We examined the kinetic changes of polyfunctional CD4+ T-cell and polyfunctional CD8+ T-cell counts both in HIV-positive and HIV-negative individuals (Figure 7G). At D30 after the first dose, compared with contrast, polyfunctional CD4+ T-cell counts in HIV-positive and HIV-negative populations both were higher (p < 0.05). The elevation in polyfunctional CD4+ T-cell counts was most prominent at D60 after the first dose, polyfunctional CD4+ T-cell counts both in HIV-positive and HIV-negative were higher than contrast (p < 0.01). At D210 after the first dose, polyfunctional CD4+ T-cell counts became relatively stable (p < 0.01), the count of polyfunctional CD4+ T-cell both in HIV-positive and HIV-negative were always higher than contrast. Importantly, there is no statistical difference in the count of polyfunctional CD4+ T-cell between HIV-positive and HIV-negative during vaccination (p > 0.05). At every time point, the number of polyfunctional CD8+ T-cell were no statistical difference between HIV-positive and HIV-negative individuals (p > 0.05). The corresponding forest map also showed no significant difference between the two groups, and the heterogeneity did not decrease after subgrouping (Figures 7A–F).

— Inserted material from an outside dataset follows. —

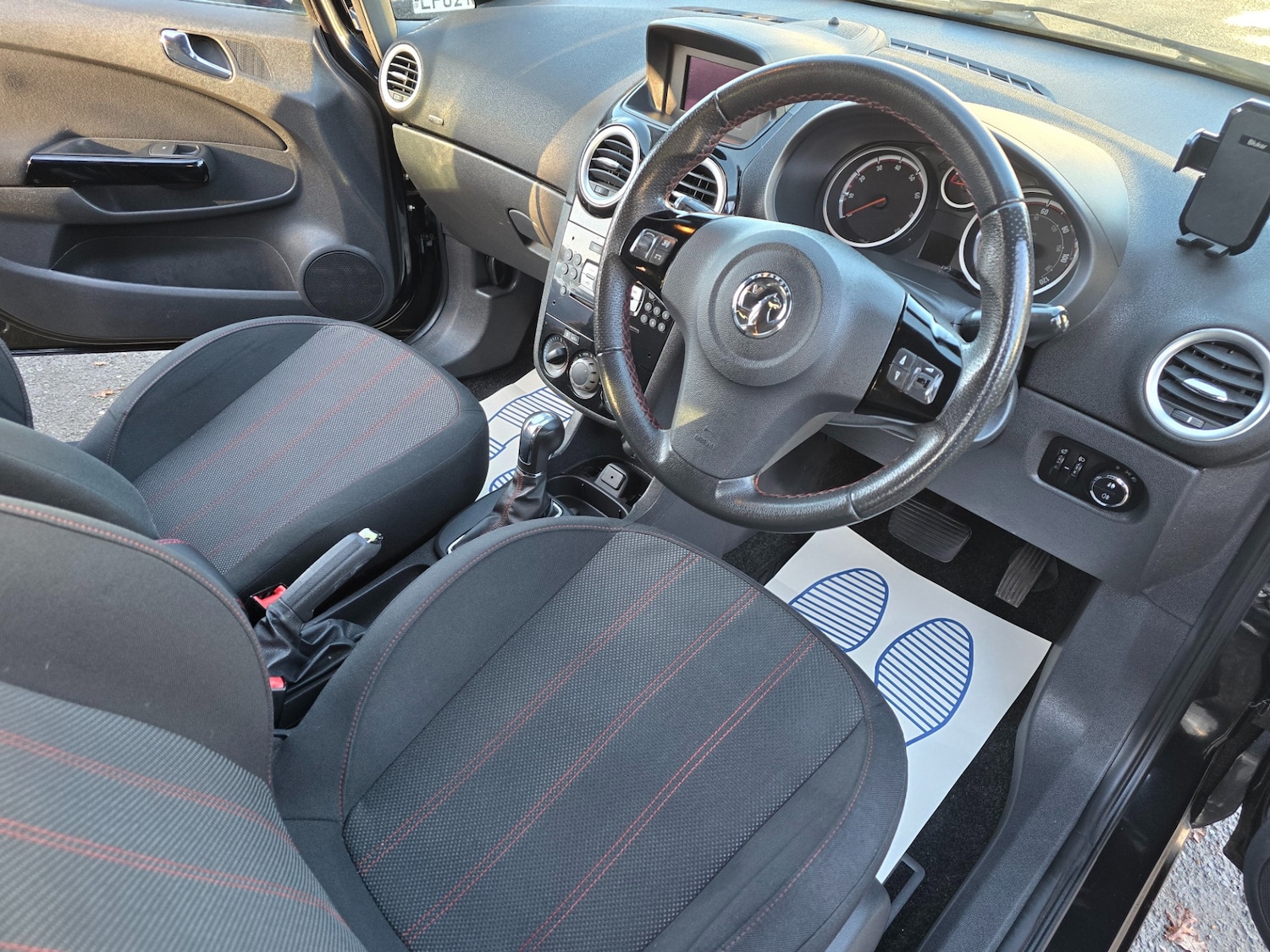 Used Vauxhall Corsa 2013 for sale - 76777983: Photo 11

Figure 7. Subgroup analysis polyfunctional CD4+ and CD8+ T-cell. (A–F) Forest plot: a SMD > 0 indicates that vaccine can effectively stimulate the growth of polyfunctional CD4+ or CD8+ T-cells. SMD = 0, invalid result. (A–C) are the result of polyfunctional CD4+ T-cell analysis of D30, D60, and D210, respectively. (D–F) are the result of polyfunctional CD4+ T-cell analysis of D30, D60, and D210, respectively. (G) Box diagram: The transverse coordinates are the date of vaccination. The longitudinal coordinates are the number of polyfunctional CD4+ or CD8+ T-cells. Statistically significant differences between the two groups are indicated by star symbols: *p < 0.05; **p < 0.001.
Similarly, the anti-M72 IgG GMC was most prominent at D60 after the first dose, anti-M72 IgG GMC both in HIV-positive and HIV-negative groups were higher (p < 0.01) (Figure 8D) in comparison with contrast. At every time point, there is no statistical difference in the anti-M72 IgG GMC between HIV-positive and HIV-negative groups. In short, The results of the subgroup analyses were also similar (Figures 8A–C).
Figure 8. Subgroup analysis Anti-M72 antibody IgG geometric mean concentration(GMC). (A–C) Forest plot: SMD >0 indicates that the vaccine was protective. SMD = 0, invalid result. Point estimates and 95%CI are shown for each study and for the pooled results. (D) Line chart: the anti-M72 IgG GMC varies (Ordinate) with time in different time points (Abscissa) after vaccination.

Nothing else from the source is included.